A chorus of assent followed her question, though Teo’s response was sullen. He was normally the first one spouting the rulebook at people too. I was going to have to find a time to figure out what was really eating him. Even I wasn’t narcissistic enough to think that our argument could put him in this deep of a funk.

“When are we heading out there?” I said.

“Now,” said Caryl.





44


“Now?” echoed Teo in disbelief.

“What did I say about giving orders twice, Teo?”

Teo scowled, rising from his chair. “Did it ever occur to you that some of us might have social lives or something? I gotta go make a phone call.”

“Sit,” said Caryl. “Your phone is in your pocket, and I don’t want to waste more time herding stray sheep.”

I took a cue from that and dialed Inaya, hoping she’d be as cooperative as I’d implied. I greeted her by name when she answered, glancing around the room to make sure everyone noticed. Teo wasn’t paying any attention, of course; he had his own phone out.

“I need you to get us on the lot tonight,” I said to Inaya.

“No problem.”

“There are a bunch of us, so we might want a van or something.”

“We have a van,” interrupted Caryl.

“Never mind the van,” I said. “We’ll come pick you up, and then you can just deal with security and keys or whatever when we get there.”

She replied something about private security, but I lost most of it because Teo’s voice had risen to a distracting volume, as though he were talking to someone in a noisy bar.
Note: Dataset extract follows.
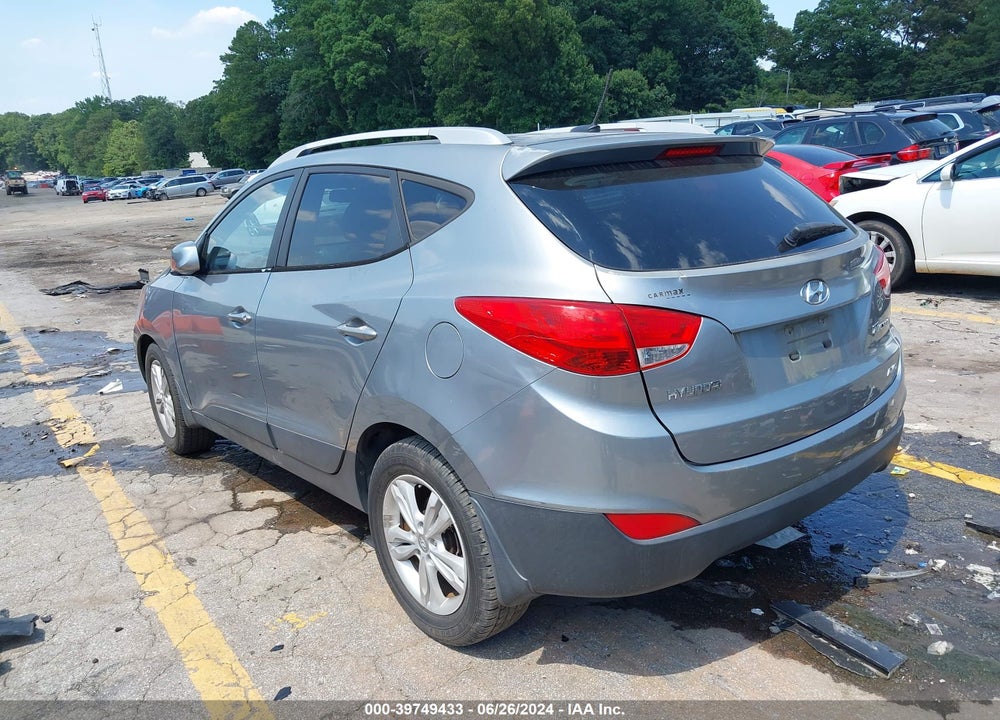 2011 HYUNDAI TUCSON GLS VIN: KM8JUCAC8BU261676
“A bunch of people from my stupid job are going down to Manhattan Beach tonight,” he was saying, “and they decided to drag me along. We’ll have to have that drink later.”

“Could you hold just a moment, Inaya?” I said as sweetly as I could, and then put my hand over the phone. “Teo,” I said. “Can you lower your voice, please?”

Teo flipped me the bird.

I turned to Caryl, gritting my teeth. “Can we not just leave him here?”

Caryl rubbed at one of her temples with gloved fingertips in a long-suffering way that made it easy to forget she was the youngest person in the room. “I will keep Teo under control,” she said. “Can I trust you to do the same for yourself?”

I wasn’t entirely sure that I could, but I nodded. Act as if ye have faith, and all that.

“Sorry, Inaya,” I said, putting the phone back to my ear. “You think you can get us past the security?”

“Oh, I can do better than that,” she said. “Just relax and I’ll show you some real magic.”

? ? ?

Our ride was an unmarked white van with tinted windows—not suspicious at all. Inaya rode shotgun, and Teo made a point of squeezing between Tjuan and Gloria in the back bench seat rather than taking the more comfortable captain’s chair next to mine. Poor Gloria got up with a sigh and took the chair instead. I watched Caryl calmly maneuvering the great white whale through evening traffic, and it occurred to me that when she had been appointed head of the Los Angeles Arcadia Project, she had been too young to drive without an adult in the car.

“Caryl,” I said, “how dangerous is this, really?”

“I do not know what safeguards they have set up around the Gate,” she said, “but if they are linked to Vivian’s essence and you cannot fully dispel them, we will leave them be. I have no desire to get anyone hurt tonight, especially with National’s eyes on me.”